**The data**.
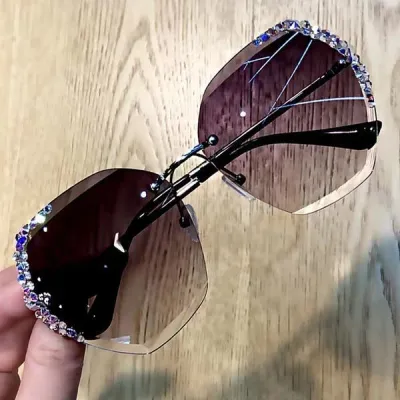 Women Fashion Frameless Polygon Sunglasses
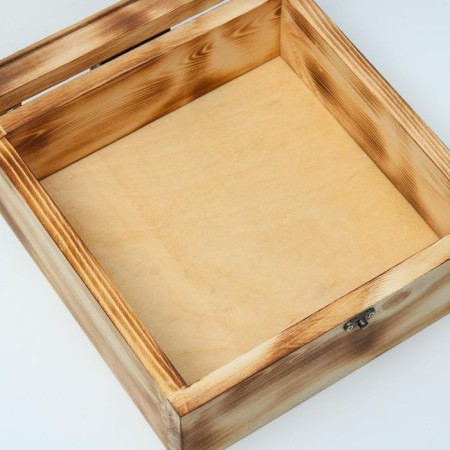 Gift box 25 × 25 × 11 cm is wooden, an outflow cover is 3 mm, firing-1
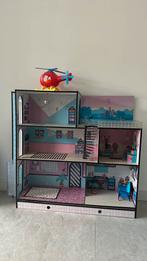 Lol surprise poppenhuis met meubeltjes en poppen, Kinderen en Baby's, Speelgoed | Poppen, Ophalen, Zo goed als nieuw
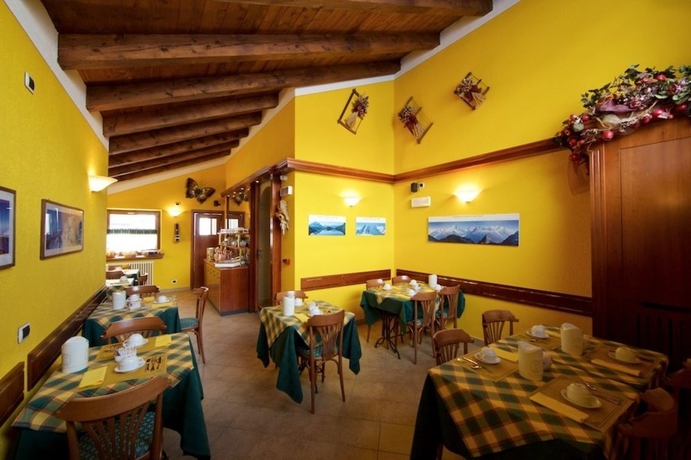 Imagen del bar/restaurante del Hotel Du Glacier, La Thuile. Foto 6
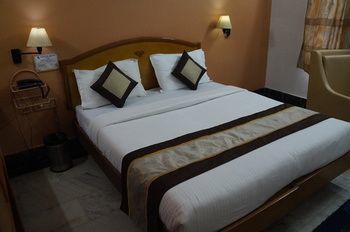 Oyo 5377 Raaj Bhaavan Chennai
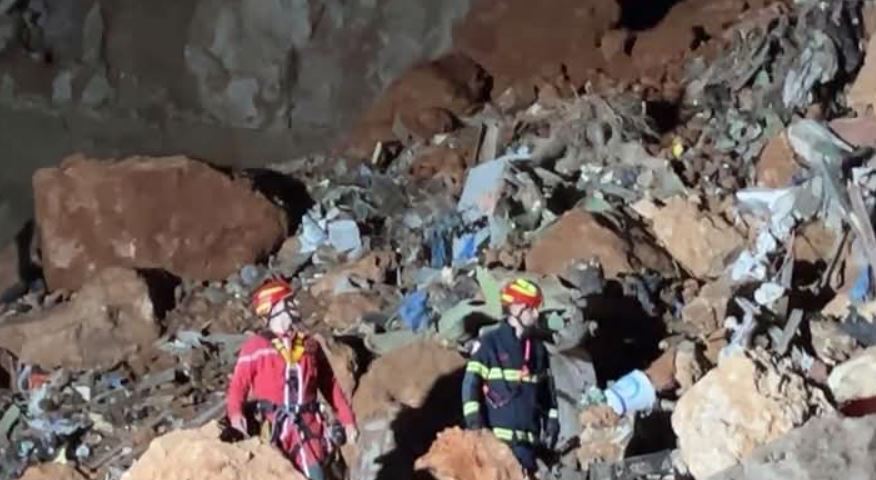 انهيار صخري في وهران (وكالات)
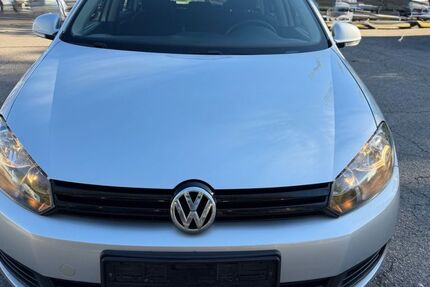 VW Golf 218.770 km 4.300 &euro; München 80993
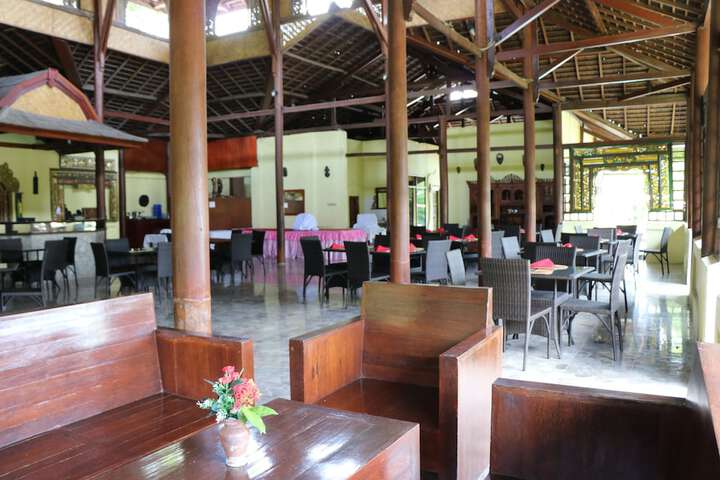 Dining 59 of 81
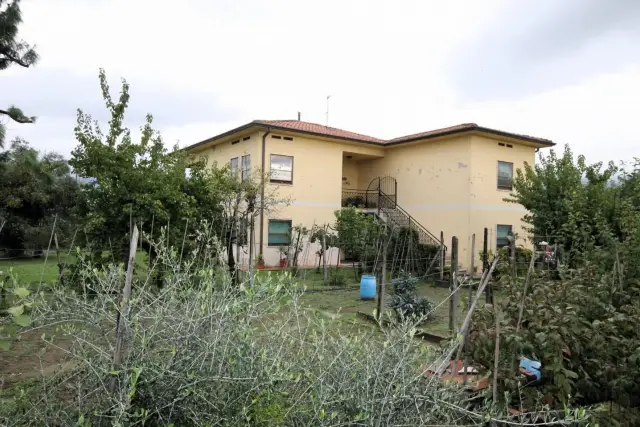 Zweifamilienhaus in a dei Biccelli 85, Capannori - Foto 1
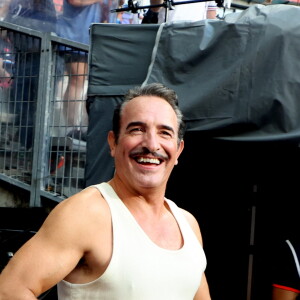 "La France "surannée" des années 50? C'est justement en 1954 que la France fêtait sa première victoire sur les Néo-Zélandais !"
Jean Dujardin - Cérémonie d'ouverture de la Coupe du Monde de Rugby France 2023 avant le match de la Poule A entre la France et la Nouvelle-Zélande au Stade de France à Saint-Denis le 8 septembre 2023. © Dominique Jacovides/Bestimage 
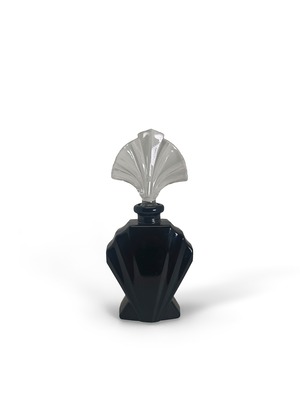 ヴィンテージ雑貨 アールデコ調ファン型パヒュームボトル（黒ガラス）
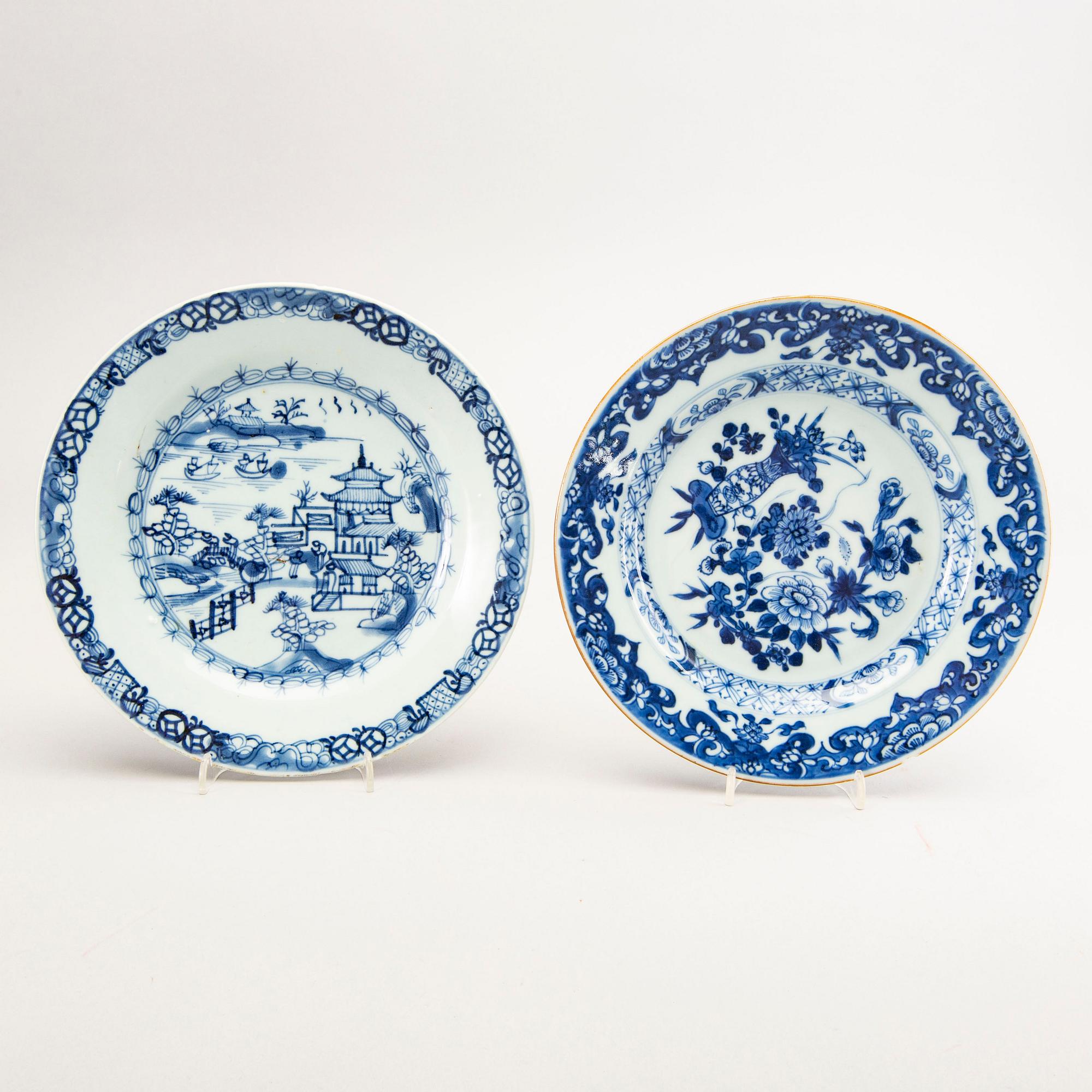 A set of ten different Chinese porcelain plates 18/19th century.
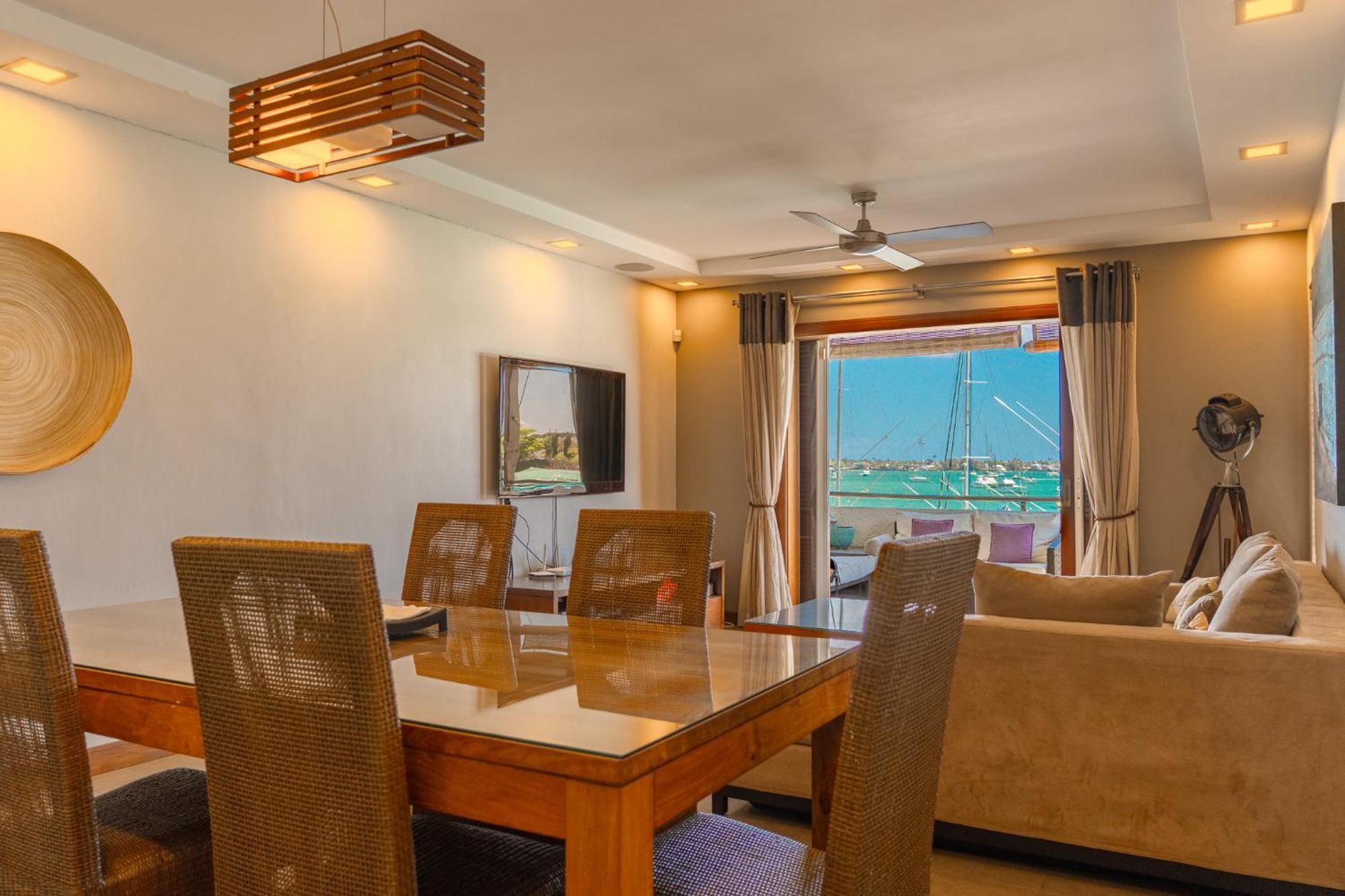 Beachfront Luxurious Stunning Sunset Boulevard Apartment, Grand Baie Bagian luar foto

**Instructions for the task**. Could you repeat exactly the lines from the one containing "VW Golf 218.770" through the last line of the records, both included, without the pictures?

**Response box**.
 VW Golf 218.770 km 4.300 &euro; München 80993
 Dining 59 of 81
 Zweifamilienhaus in a dei Biccelli 85, Capannori - Foto 1
 "La France "surannée" des années 50? C'est justement en 1954 que la France fêtait sa première victoire sur les Néo-Zélandais !"
Jean Dujardin - Cérémonie d'ouverture de la Coupe du Monde de Rugby France 2023 avant le match de la Poule A entre la France et la Nouvelle-Zélande au Stade de France à Saint-Denis le 8 septembre 2023. © Dominique Jacovides/Bestimage 
 ヴィンテージ雑貨 アールデコ調ファン型パヒュームボトル（黒ガラス）
 A set of ten different Chinese porcelain plates 18/19th century.
 Beachfront Luxurious Stunning Sunset Boulevard Apartment, Grand Baie Bagian luar foto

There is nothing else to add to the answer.